Research commissioned by the Independent Inquiry into Child Sexual Abuse (IICSA) warned that misconceptions about what is “normal” in some cultures could be leading to abuse going unrecognised or professionals taking no action.

“The broader context of racism in society can make it harder for individuals in ethnic minority communities to speak up about child sexual abuse out of concern for reinforcing negative stereotypes,” said a report released on Thursday.

“In addition, this can lead to institutions and professionals failing to intervene for fear of being labelled ‘racist’.”

Research conducted with the Race Equality Foundation analysed the experiences of more than 80 people, including victims and survivors, from a range of ethnic minority communities.

One woman said that, when she reported what she had suffered to a white social worker, “she said to me, ‘This is not sexual abuse. This is your culture’. Even today, I’m so traumatised by this”.
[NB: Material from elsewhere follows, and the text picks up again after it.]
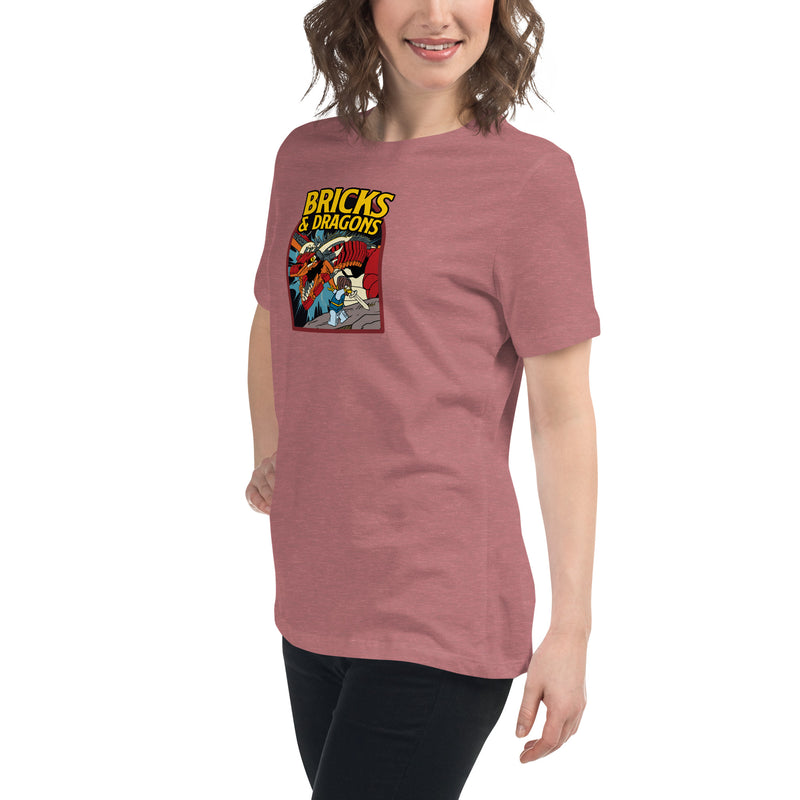 Bricks And Dragons Minifigure Women's Relaxed T-Shirt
The report said stereotypes about perpetrators and victims were having a negative impact because professionals “had a different idea of what is ‘normal’ for ethnic minority children and families compared to white children and families”.

It named damaging stereotypes including “Asian grooming gangs”, the sexualisation of black people, or intra-familial relations in some ethnic groups.
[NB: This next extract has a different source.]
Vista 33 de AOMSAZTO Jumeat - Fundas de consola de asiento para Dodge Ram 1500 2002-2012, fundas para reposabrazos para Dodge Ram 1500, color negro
The report said some teachers had failed to identify signs of child abuse “because of stereotypes that ethnic minority children typically behave badly”, adding: “These responses had a profound lifelong negative impact on those who had experienced them.”

The research also found that some victims from ethnic minority communities found it difficult to seek help because of a “code of silence”.

“Shame and stigma can act as drivers of responses to child sexual abuse that seek to preserve honour rather than to meet the needs of the victim and survivor,” it warned.

The research said some victims had been ostracised from their communities after disclosing abuse, and that child sex abuse was “seen as having a specific negative impact on marriage prospects for girls in some south Asian communities”.

One woman told a focus group that some families put a “lot of pressure on the survivor not to speak”.

“It can be your immediate family, your extended family, but even your community,” she added. “And there’s also a sense of, white people see us as bad and now you’re showing them how bad you are.”

Participants said they felt racial stereotypes could also act as a barrier to reporting abuse to institutions seen as predominantly white, including police and social services.

Jabeer Butt, chief executive of the Race Equality Foundation said: “Whilst evidence suggests that this issue is being more openly discussed, it’s important that we continue to challenge the stereotypes and take steps to ensure that children from all communities are better protected from child sexual abuse.”

Holly Rodger, a principal researcher for IICSA, said: “Participants’ feelings of being ‘othered’ by professionals and institutions was a significant obstacle to reporting abuse, as were feelings of shame, stigma and a fear of not being believed.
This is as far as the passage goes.